AIM OF THE TASK: In the records below, find the line with "Holiday Cheer Earrings", then retype it and every following line exactly, stopping after the line with "Cadena Luna Sofia". Leave the pictures out.

Top of DATASET RECORDS

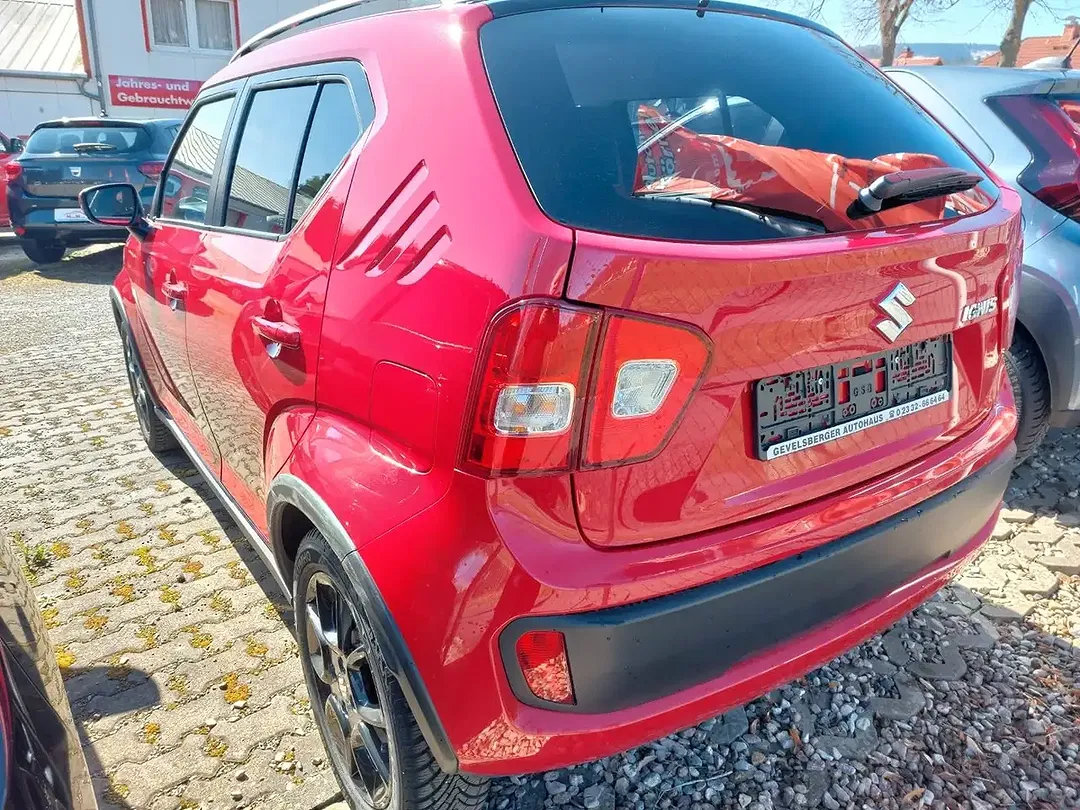 Suzuki Ignis - Thumbnail 3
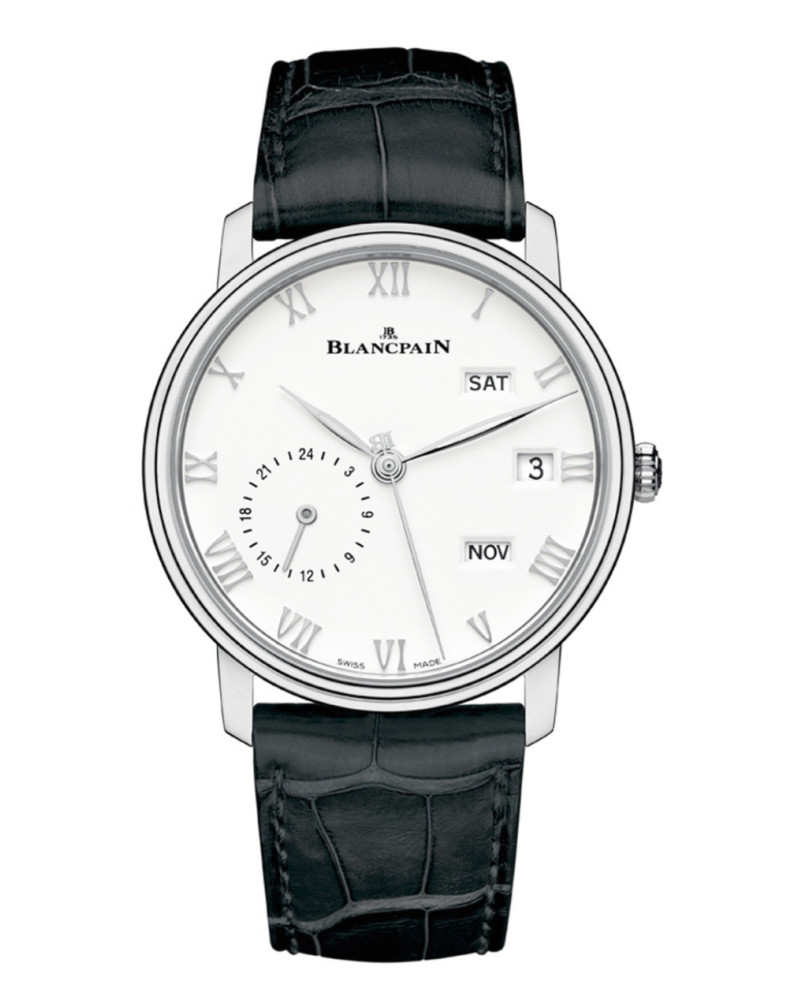 Blancpain 6670 1127 55B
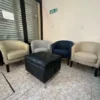 Sillón Conrad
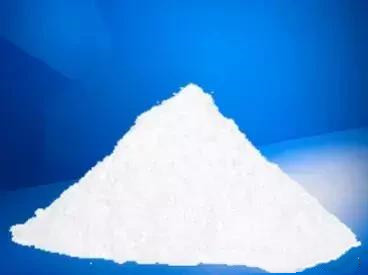 納米氧化鎂的改性研究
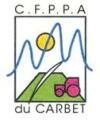 logo cfppa carbet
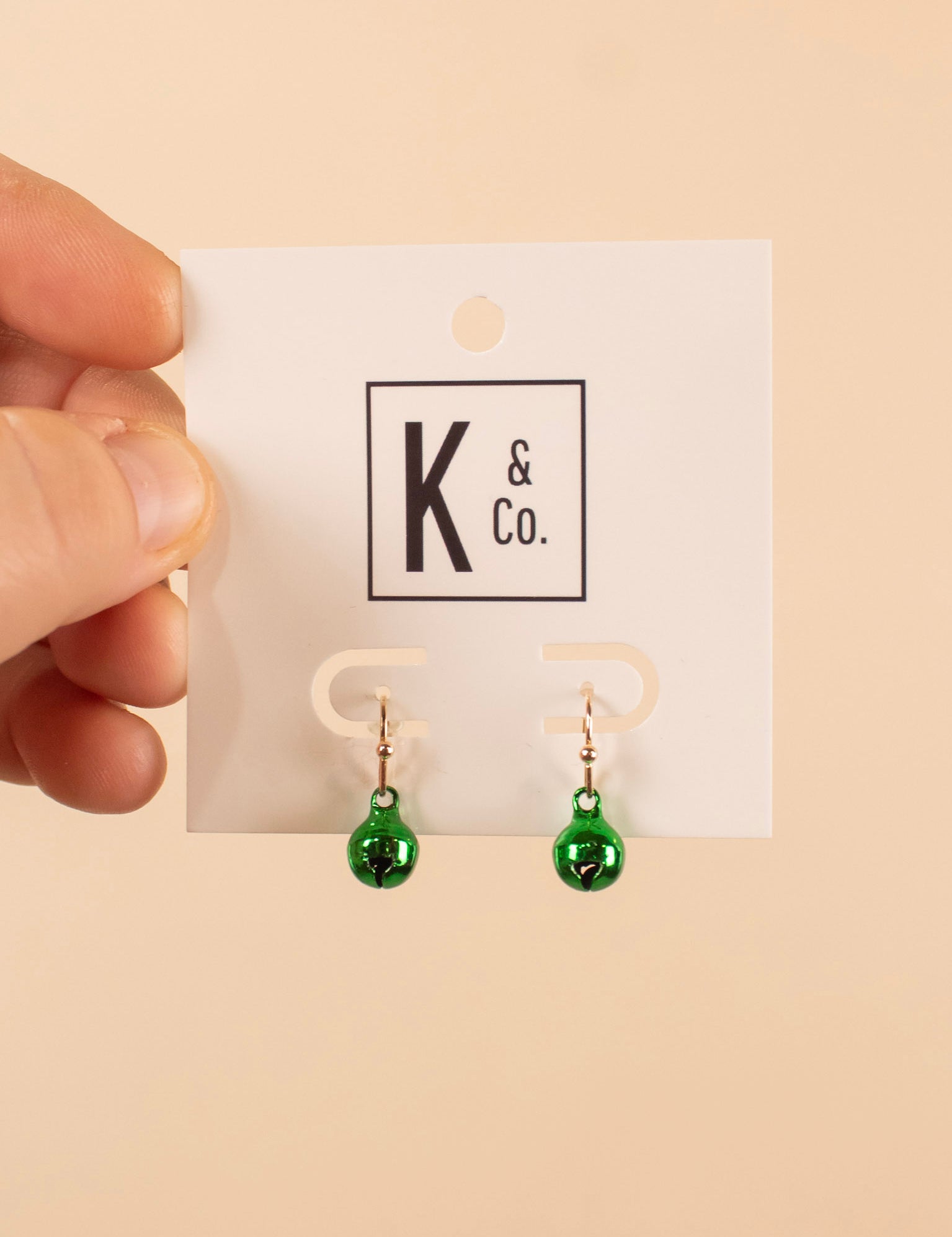 Holiday Cheer Earrings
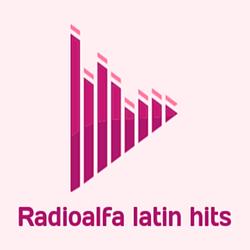 Radioalfa tropical4 radio logo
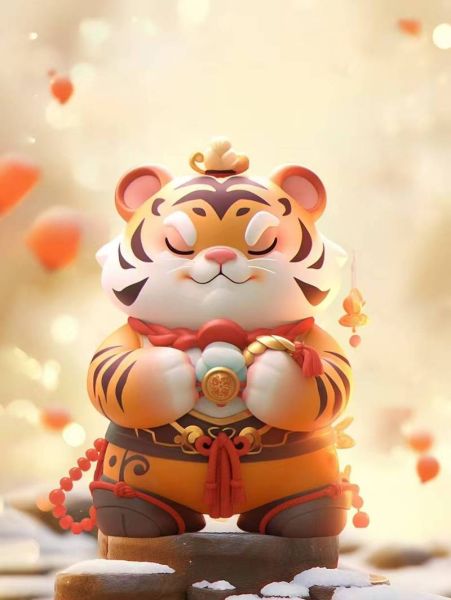 生肖虎前边是什么属相呢（生肖虎前边是什么生肖？新手一看就会！）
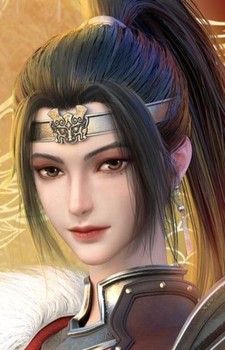 Hongyan Liu
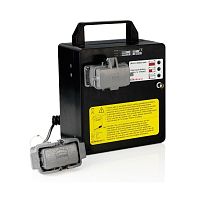 Lithium battery 004904024 Vindustrial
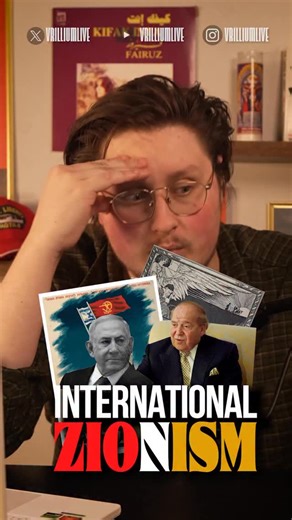 William Sexton on Instagram: "How does internationalism work? #americafirst #nationalism #catholic"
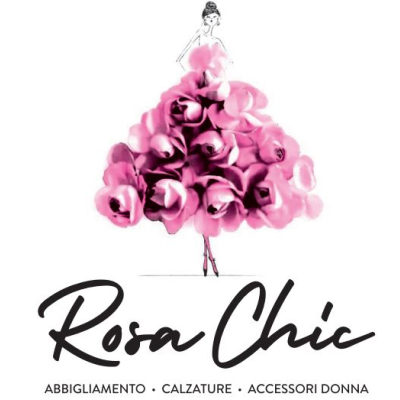 Rosa Chic Fashion - Abbigliamento Donna Logo
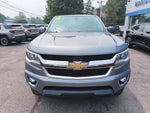 2018 Chevrolet Colorado 4WD LT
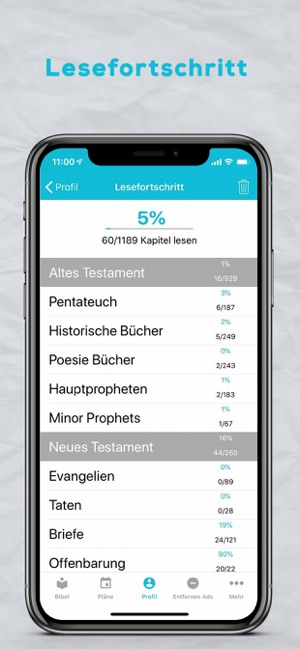 Luther Bibel(圖6)-速報App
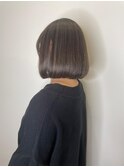 髪質改善トリートメント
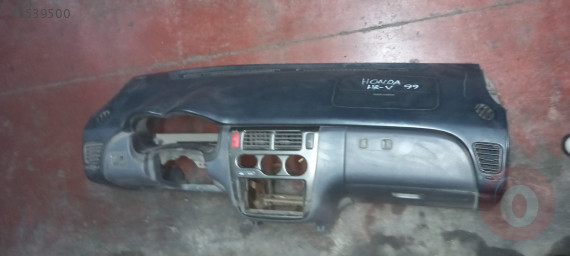 HONDA HR-V 1999 ÇIKMA ORJİNAL TORPİDO AİRBAG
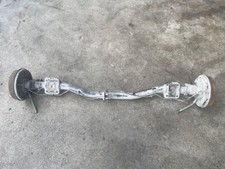 ASSALE POSTERIORE PER FIAT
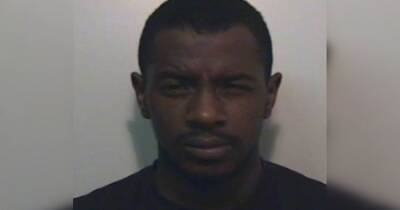 Moss Side man with connections to Stockport and Wigan wanted by police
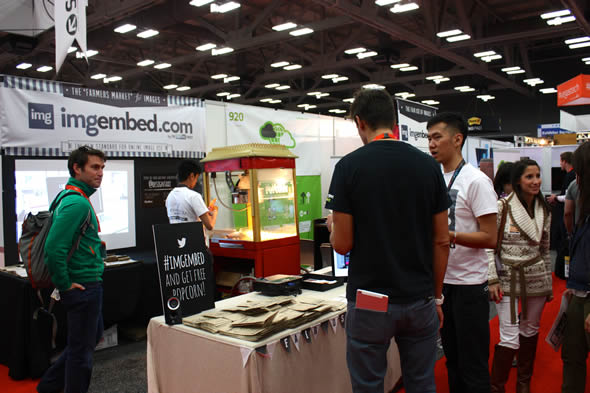 Asian Startups @ SXSW 2013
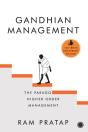 Gandhian Management - Preview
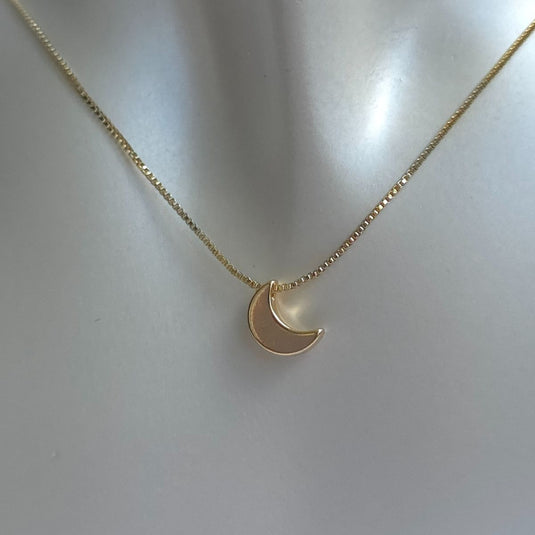 Cadena Luna Sofia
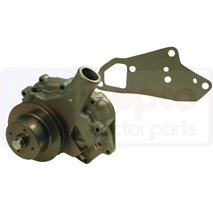 WATER PUMP , John Deere, 40 - 3640S, Cooling Systems, Water pump, Water pump, RE18676, , WATER PUMP , 26/130-317, RE18676, , 20.40 kg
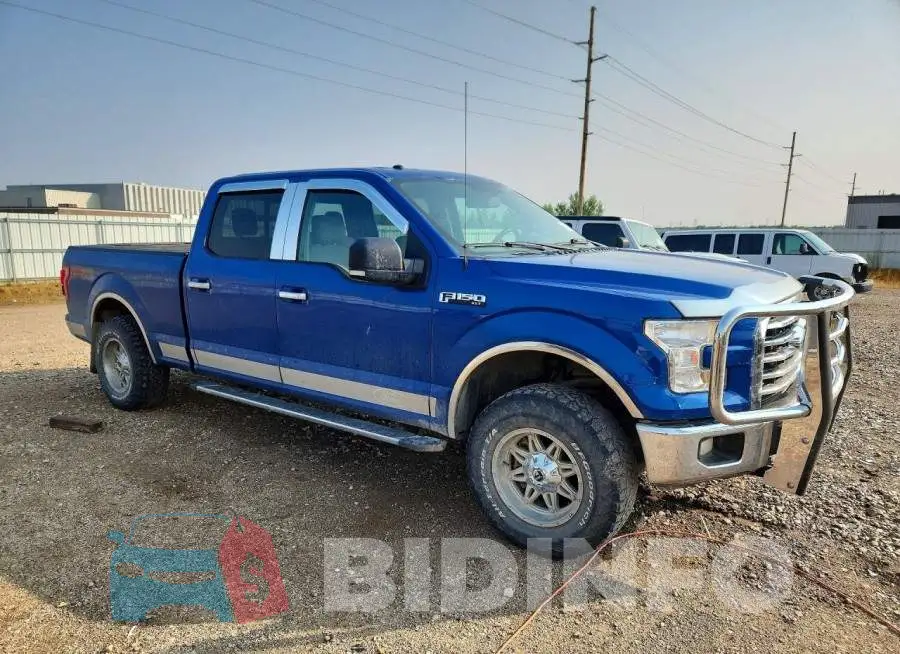 1FTFW1EF4HKD25424 Photo# 4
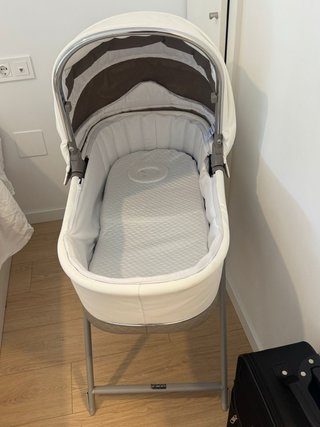 Bebecar Mini Pop Silla de Paseo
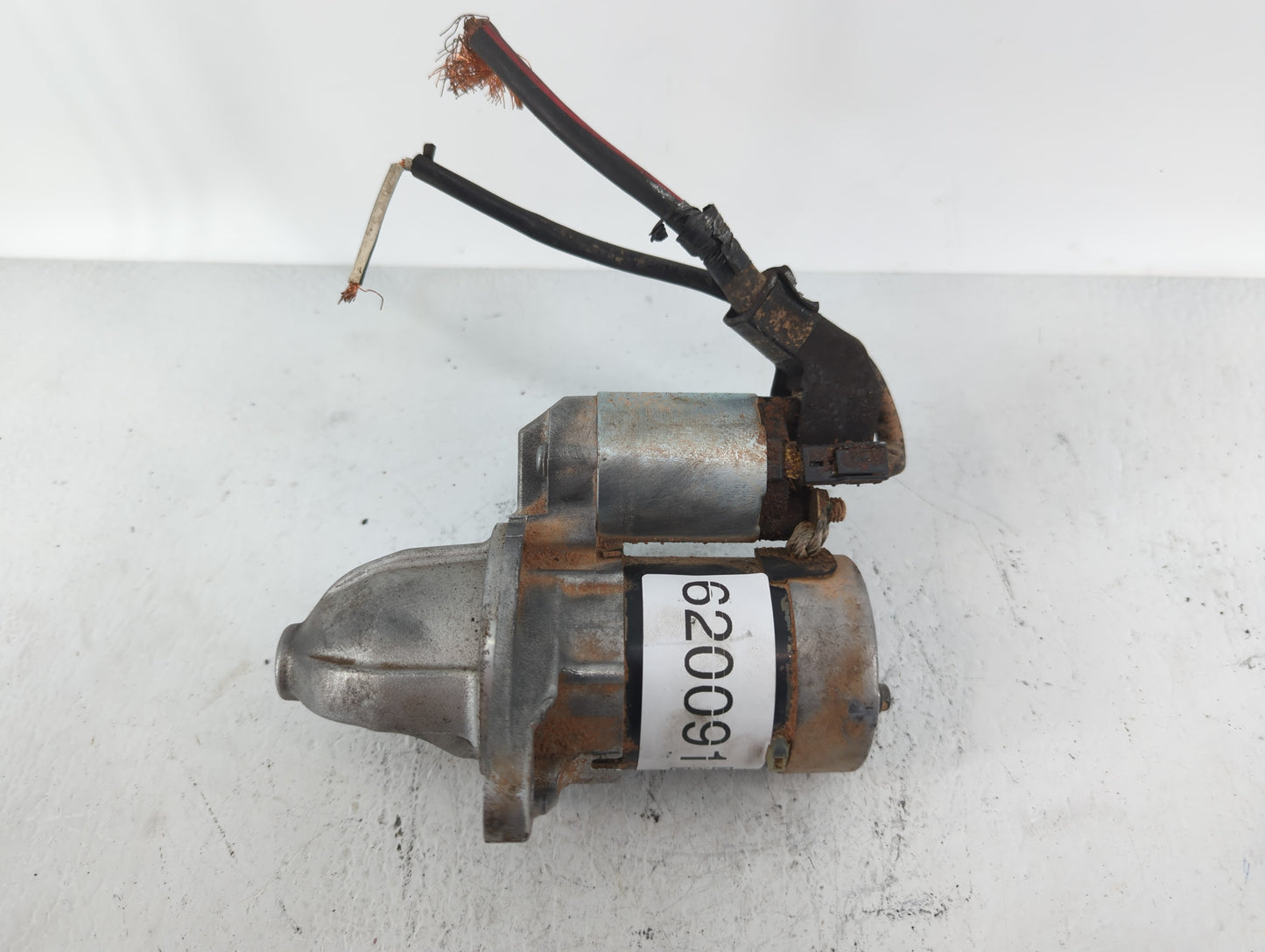 2017-2022 Subaru Impreza Car Starter Motor Solenoid OEM P/N:M000TC5371ZC 23300 AA85A Fits Fits 2017 2018 2019 2020 2021 2022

Bottom of DATASET RECORDS

OUTPUT OF THE EXERCISE:
 Holiday Cheer Earrings
 Radioalfa tropical4 radio logo
 生肖虎前边是什么属相呢（生肖虎前边是什么生肖？新手一看就会！）
 Hongyan Liu
 Lithium battery 004904024 Vindustrial
 William Sexton on Instagram: "How does internationalism work? #americafirst #nationalism #catholic"
 Rosa Chic Fashion - Abbigliamento Donna Logo
 2018 Chevrolet Colorado 4WD LT
 Luther Bibel(圖6)-速報App
 髪質改善トリートメント
 HONDA HR-V 1999 ÇIKMA ORJİNAL TORPİDO AİRBAG
 ASSALE POSTERIORE PER FIAT
 Moss Side man with connections to Stockport and Wigan wanted by police
 Asian Startups @ SXSW 2013
 Gandhian Management - Preview
 Cadena Luna Sofia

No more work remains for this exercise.